━━━ Dataset entries

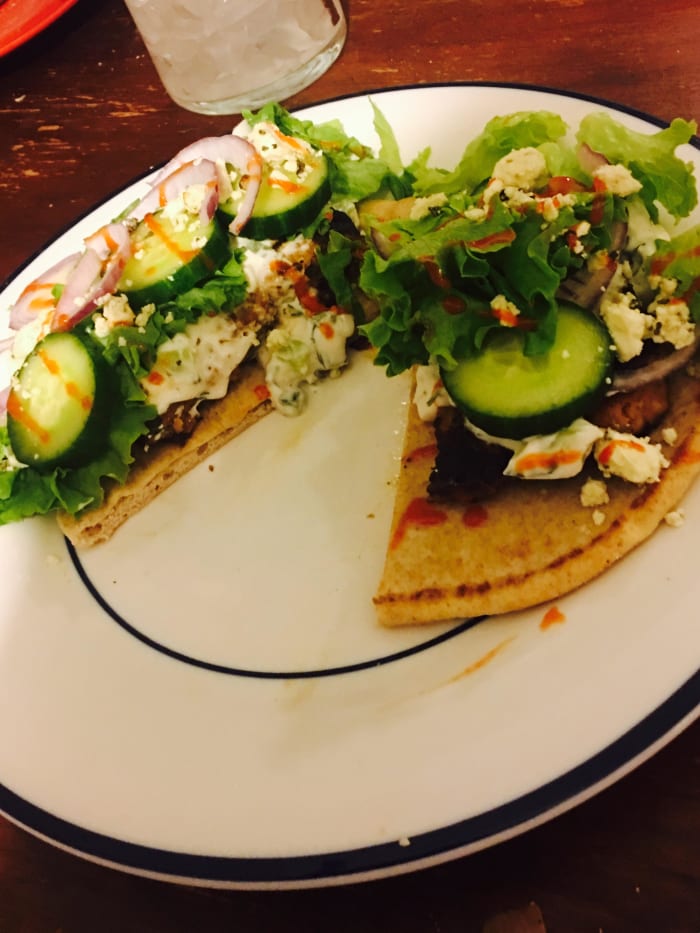 My burger served open faced on a whole wheat pita with cucumber, red onion, feta, romaine letter, tzatziki, pepperoncinis, and drizzled with a little hot sauce.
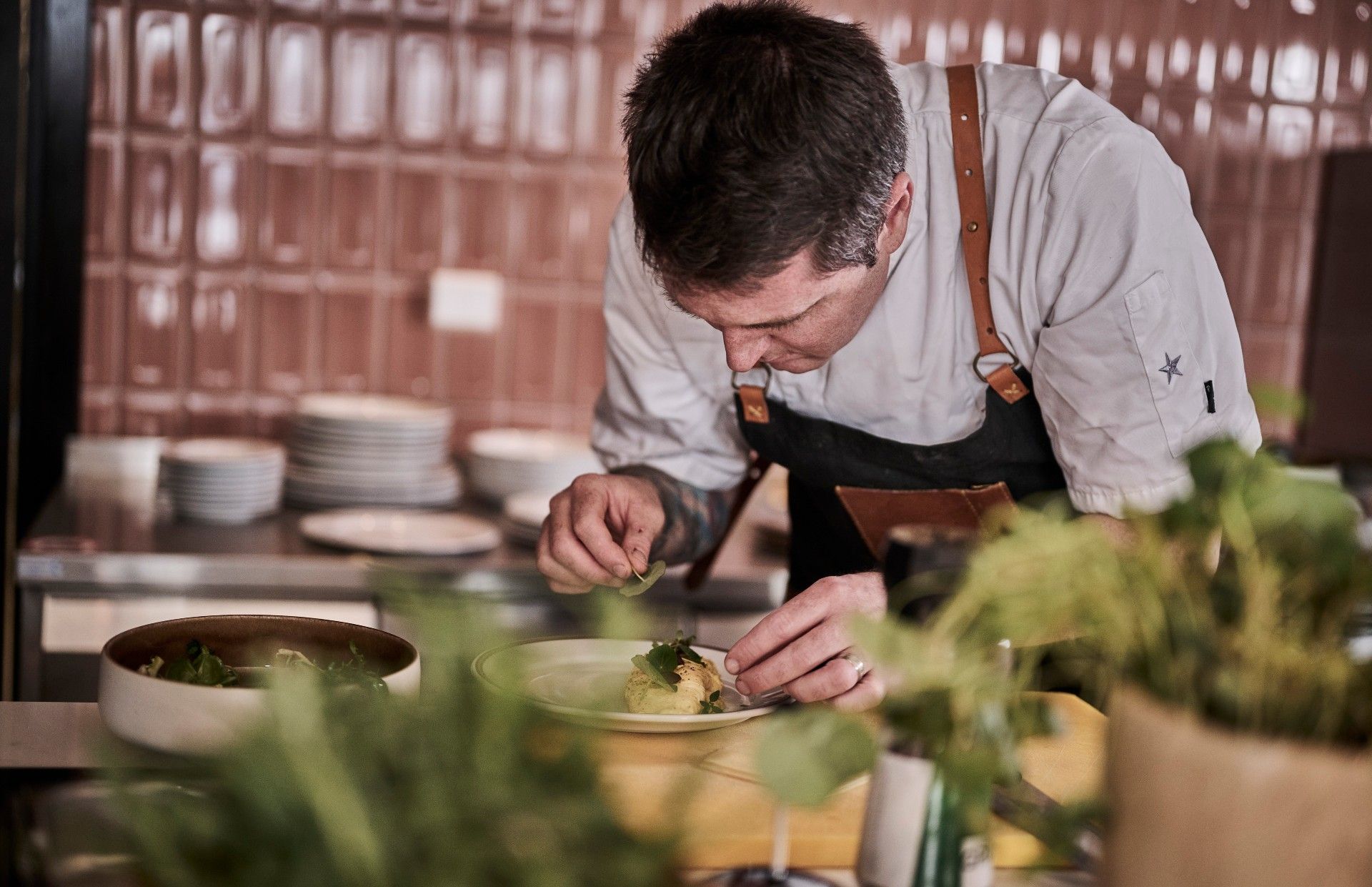 Chef prepares food in the kitchen at Hotell Klubben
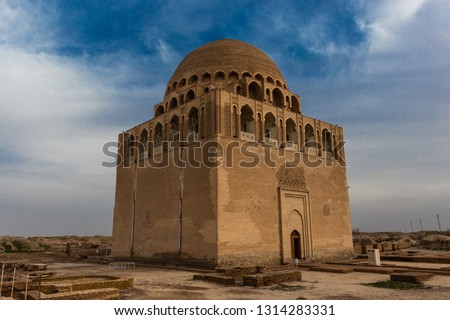 Mausoleum of Sultan Sanjar the ruler of a dynasty of the great Turkmen-Seljuks, Dar-ul-ahira (the other world) Recognised as a pearl of Islamic architecture  by its graceful correlation of details. Royalty-Free Stock Photo #1314283331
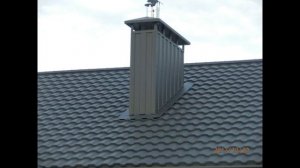 Кровля из модульной металлочерепицы в черном цвете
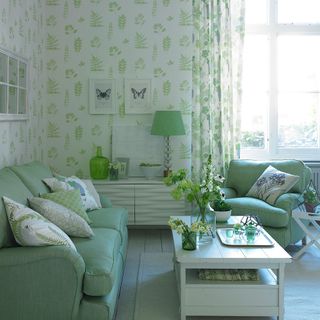 room with green sofa and white wooden flooring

━━━━━━

# [Exercise]
Print out every entry above without changing a word, and leave out the pictures.

# [Exercise solution]
 My burger served open faced on a whole wheat pita with cucumber, red onion, feta, romaine letter, tzatziki, pepperoncinis, and drizzled with a little hot sauce.
 Chef prepares food in the kitchen at Hotell Klubben
 Mausoleum of Sultan Sanjar the ruler of a dynasty of the great Turkmen-Seljuks, Dar-ul-ahira (the other world) Recognised as a pearl of Islamic architecture  by its graceful correlation of details. Royalty-Free Stock Photo #1314283331
 Кровля из модульной металлочерепицы в черном цвете
 room with green sofa and white wooden flooring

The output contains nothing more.